- Interactive map of Riverside Cemetery

Details
- Established: 1904
- Location: Withee, Wisconsin
- Country: United States
- Coordinates: 44°57′07″N 90°37′50″W﻿ / ﻿44.952°N 90.6305°W
- Type: Public
- Owned by: Riverside Cemetery Board
- Website: Riverside Cemetery Information
- Find a Grave: Riverside Cemetery

= Riverside Cemetery (Withee, Wisconsin) =

Cemetery in Clark County, Wisconsin, US

Riverside Cemetery is a cemetery in Withee, Wisconsin. It is located on the corner of French Town Road and Highway X.

== History ==

Riverside Cemetery is located 1-1/2 miles west of Withee and was platted on March 11, 1904 by C.S. Stockwell, surveyor. Most headstones were brought to Withee via train and moved by horse and wagon to the cemetery.
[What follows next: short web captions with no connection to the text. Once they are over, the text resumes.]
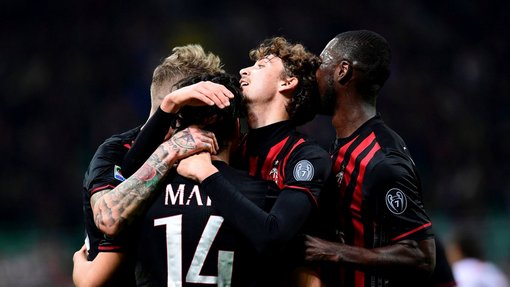 Матиас Фернандес помог «Милану» обыграть «Дженоа»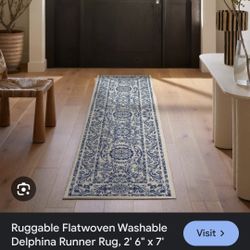 Ruggabale Runner (Washable)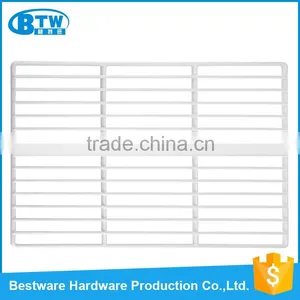 Attractive Design Guangdong Manufacture White Plastic Coating Iron Wire Cooling Rack thumbnail-1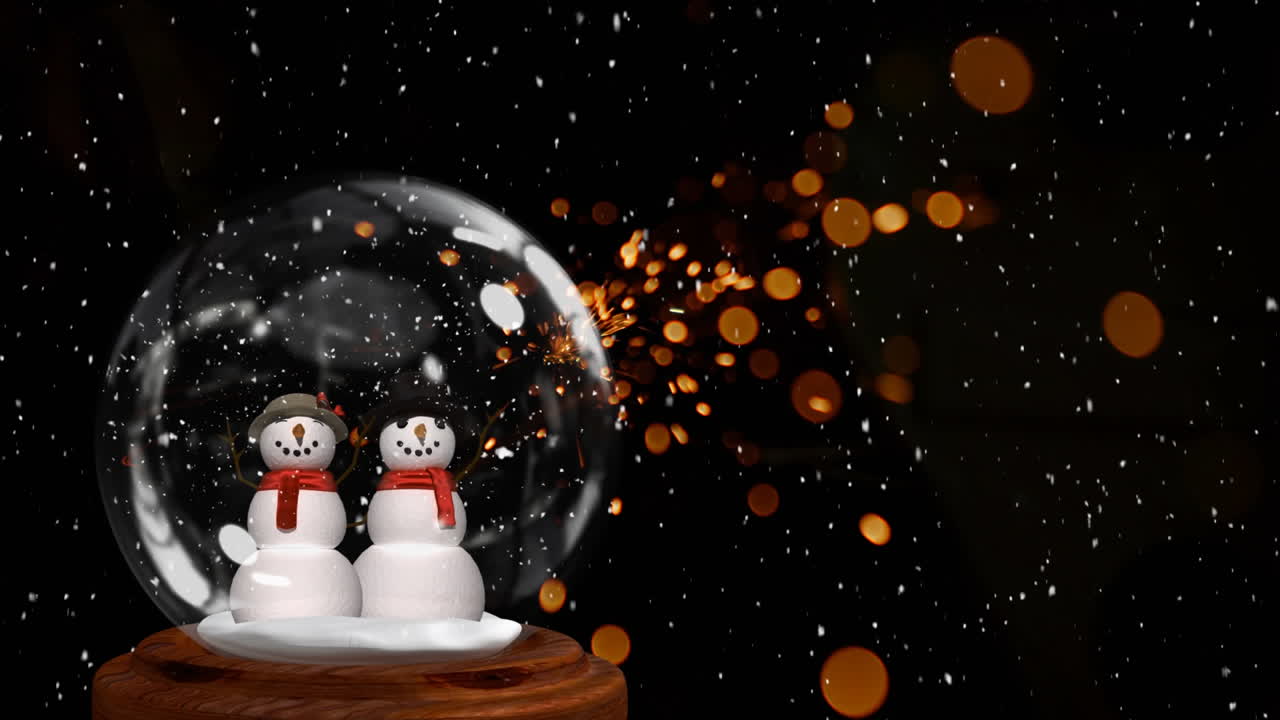 el tiempo festivo de navidad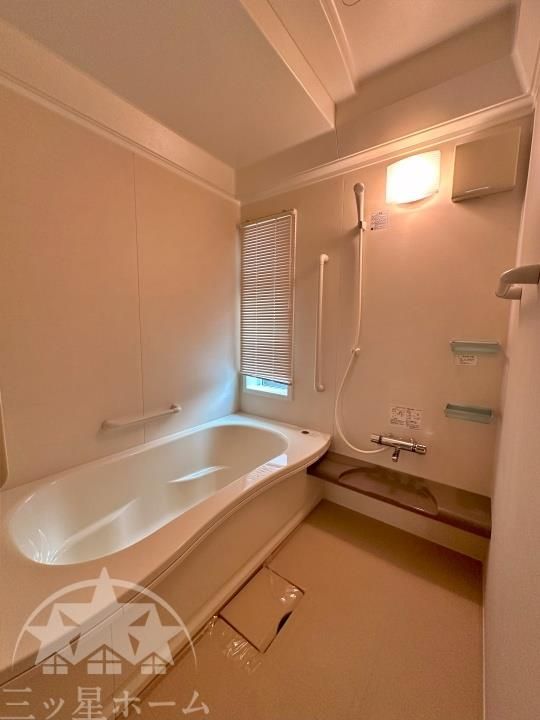 静岡県静岡市駿河区馬渕4(一戸建)の賃貸物件の風呂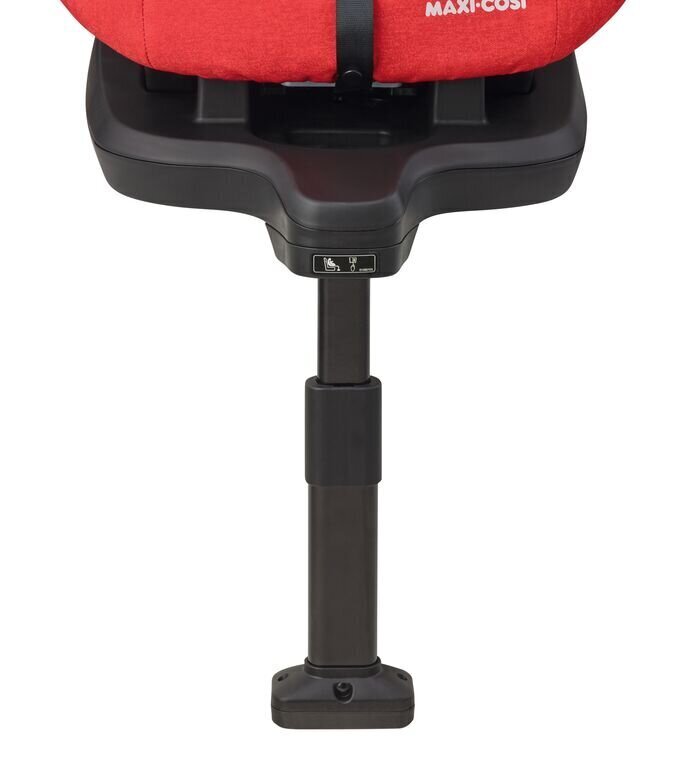 Turvatool Maxi Cosi TobiFix, 9-18 kg, Nomad Red hind ja info | Turvatoolid | kaup24.ee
Several individuals were moved from Longwood Cemetery and reburied in Riverside.

==Mission statement==

The Cemetery maintains a secure and landscaped environment for visitors.

== Governing body ==

The governing body for the cemetery, as per its 1986 by-laws, contains: The Mayor of the City of Owen, The President of the Village of Withee, The Chairperson of the Town of Hixon plus one delegate from each of these municipalities.

== Notable features ==

- Tufts' Veterans Memorial - the "Court of Remembrance" Built in 1961, is a Veterans of Foreign Wars memorial. It displays emblems of the four branches of the United States Armed Forces. With a bench and podium, this special granite memorial is used every Memorial Day.
- Rock of Remembrance and Reflection - Situated among the majestic spruce trees, a 24x26x60 inch rock for resting and reflecting on the memories of loved ones.
- Columbarium - Installed in 2013, this granite fixture houses 96 cinerary urn niches.

== Interments ==

- Friederika Kruger - (Earliest Marker in cemetery) born Deutschland, 22 August 1825, deceased 11 April 1895
- John Tufts - Veteran of the Spanish–American War of 1898
- Walter Smith - (1867-1903) Whose large marker is used as a landmark in giving cemetery directions
- Ludwig Krueger - Died 1895, patriarch of the Krueger Family World War I tragedy
- C.J. Moody - (1837-1911) Member of the Iron Brigade, 6th Wisconsin Co. during the American Civil War
- Alexander Andrews - (1844-1923) American Civil War, Co.I,30th Wisconsin Volunteer Infantry Regiment
- Louis C. Meyer - (1873-1952) Spanish–American War. Pvt. Co. A, 3rd Regt.